In 1994, one year after his death, Reginald F. Lewis released his biography Why Should White Guys Have All The Fun?, a chronicle of his experience feeling virtually invisible in the business world. Lewis was the first Black man to build a billion-dollar U.S. company, yet his name and face were and continue to be largely unknown. The book outlines the struggles he faced as a Black man in what he calls “a white man’s world.”

Too little has changed since Lewis’ passing. Black Americans are often forgotten from history. They are often overlooked and squeezed out—and, thus, not granted the same opportunities. There are only four Black CEOs of S&P 500 companies (it’ll be five in March, when the sole Black female CEO takes the helm), only 9% of businesses are Black owned and roughly 1% of Black-owned businesses have received venture capital funding. Lewis’ story is one of Black wealth, a history that continues to be skewed. For(bes) The Culture is on a mission to change that.

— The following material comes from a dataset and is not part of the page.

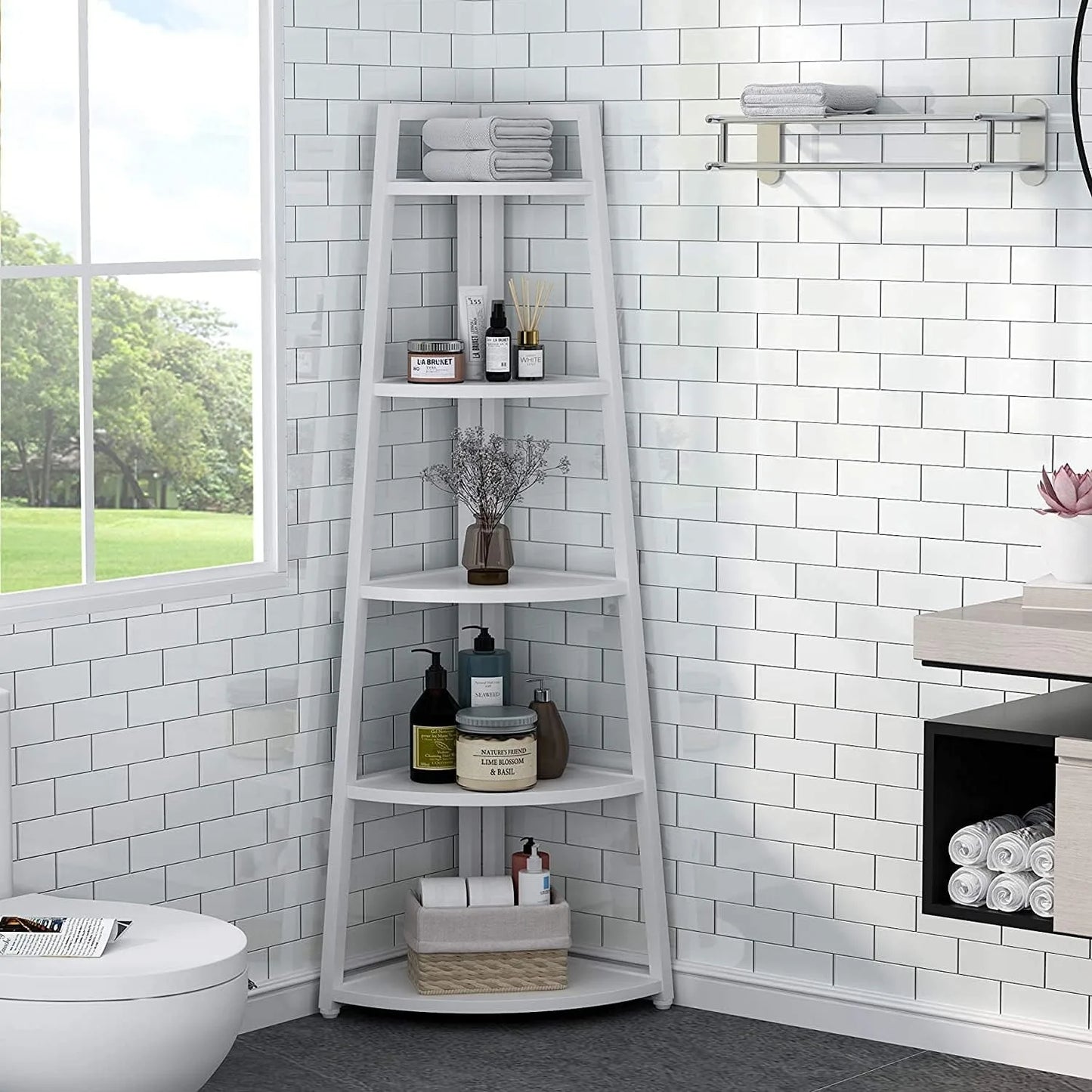 5 Tier Corner Bookshelf and Bookcase, 70 inch Tall Corner Shelves Standing Unit Indoor Plant Stand for Living Room (White)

We’re setting out to accurately define, rectify and create Black history. Our State of Black Entrepreneurship project is multifaceted: It incorporates historical research that will unveil decades of forgotten and omitted Black business successes, plus new quantitative data and original multimedia storytelling that will illustrate how Black entrepreneurship stands across industries today—as well as where it’s headed. 

Here’s where much of the rectifying will come in: February, the coldest and shortest month of the year, has long been considered a time to celebrate Black history and support the Black community. We’re rallying entrepreneurs, executives, celebrities and fellow changemakers to join our campaign to move this observance to June—a time when Black businesses can better capitalize. June is the month when Juneteenth, the holiday commemorating the end of slavery in the U.S., is celebrated. Last year, on the heels of George Floyd’s murder at the end of May, it was also the month in which much of the world faced a heightened reckoning with racial injustice. We recognize that June is also Pride Month. We intend to complement ongoing efforts to celebrate the LGBTQ+ community, shedding light on the importance of intersectionality and collective liberation.

But a month, regardless of what month, shouldn’t be the only time we choose to celebrate, honor and support Black Americans. Because Black history is American history. For(bes) The Culture and its community of trailblazers intends to be at the forefront of making this a ubiquitous reality. The fate of future Reginald F. Lewises depend on it.